Die Sprache der Schmids, Gehrers, Winterbergs oder Jaggis (das sind Vertreter der Kommentatoren-Elite aus Leutschenbach!) ist lediglich das eine. Da kann sich ein in der Eile rausgerutschter «Versprecher» (wir sind ja gnädig) schon mal einschleichen. Viel erschreckender ist die manghelhafte fachliche Kompetenz der «Discjockeys» hinter den Mikrophonen. Reglements-Kenntnisse ist für sie oft ein Fremdwort. Wenn’s tricky wird, muss der «Experte» helfen. Sie hocken auf ihrem Presse- und Kommentatoren-Sessel, stieren in den Monitor vor ihrer Nase und verlieren den Blick fürs Ganze. Das TV-Bild muss uns nicht erklärt werden, meine Damen und Herren, aber vielleicht interessiert uns, was «neben» dem Bild geschieht. Dafür aber bräuchte es Leute, die etwas von dem verstehen, was sie uns in die gute Stube zu liefern haben.

Es ist ein Detail, ein Beispiel unter vielen aber, und es spricht für sich, wenn die SRF-Leichtathletik-Spezialisten (was die Herren Schmid, Gehrer oder Winterberg sein sollten) beim Kugelstossen beharrlich von einem «guten Wurf» des Athleten X sprechen. Das kann einmal passieren. Wenn es sich aber etabliert, dann ist es entweder mangelndes Fachwissen oder Ignoranz. Was zusätzlich irritiert: dass der Experte nebendran nicht interveniert. Darf er vielleicht gar nicht?

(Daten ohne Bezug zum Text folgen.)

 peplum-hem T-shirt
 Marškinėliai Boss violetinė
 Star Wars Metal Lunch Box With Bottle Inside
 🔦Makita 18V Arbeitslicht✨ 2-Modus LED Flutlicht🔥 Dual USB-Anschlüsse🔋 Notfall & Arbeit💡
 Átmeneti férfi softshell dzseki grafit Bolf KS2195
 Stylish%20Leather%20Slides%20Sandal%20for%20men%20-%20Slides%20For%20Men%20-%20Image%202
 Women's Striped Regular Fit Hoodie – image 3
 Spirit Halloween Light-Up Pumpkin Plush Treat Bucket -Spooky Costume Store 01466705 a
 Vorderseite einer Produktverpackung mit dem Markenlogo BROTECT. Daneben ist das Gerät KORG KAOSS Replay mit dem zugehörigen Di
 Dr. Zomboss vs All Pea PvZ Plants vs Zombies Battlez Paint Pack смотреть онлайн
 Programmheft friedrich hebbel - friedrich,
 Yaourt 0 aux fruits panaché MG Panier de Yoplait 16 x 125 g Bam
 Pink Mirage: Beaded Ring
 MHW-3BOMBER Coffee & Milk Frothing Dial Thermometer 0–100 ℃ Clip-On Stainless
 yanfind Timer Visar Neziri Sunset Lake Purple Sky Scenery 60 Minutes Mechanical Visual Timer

Wir stellen ernüchtert fest, dass die Qualität des SRF-Personals mitnichten dazu beiträgt, dem Anspruch der «führenden publizistischen Stellung im Bereich Sport» gerecht zu werden. Auch die Inflation von Kommentatoren- oder Reporter-Händchen haltenden Experten tut es nicht. Auch wenn man nicht zu oft von den «guten alten Zeiten» sprechen sollte, im Zusammenhang mit der Qualität des Schweizer «Sport»-Fernsehens scheint das legitim. Wir erinnern uns daran, dass einst die Kommentatoren und Reporter selbst die Experten waren. Jeder für sich ein ausgewiesener Fachmann. Ohne jede Assistenz. Aber mit einer gehörigen Portion Fachwissen. Willy  Kym, Gott hab ihn selig, war ein solcher. Absolut kompetent als Radsport-Reporter. Jan Hiermeyer, auch er schon länger tot, war der Eiskunstlauf-Guru schlechthin. Und – ja klar – Bernard «Beni» Thurnheer hätte es als Affront empfunden, wenn ihm ein «Experte» zur Seite gestellt worden wäre. Von der Fachkompetenz von «Beni National» könnten sich die aktuellen SRF-Leute mehr als nur eine Scheibe abschneiden.

Fazit: Es könnte durchaus auch anders gehen. Nur müsste sich bei den oben Angesprochenen die Erkenntnis durchsetzen, dass sie halt bei weitem nicht ganz so gut sind, wie sie selber meinen. Und ihre Chefs müssten sich irgendwann einmal eingestehen, dass sie bei der Auswahl ihrer – vielleicht immerhin billigen – Mitarbeiter:innen zuletzt nicht ein wirklich gutes Händchen gehabt haben.

Da darf der Fachkräftemangel nun aber gar keine Ausrede sein.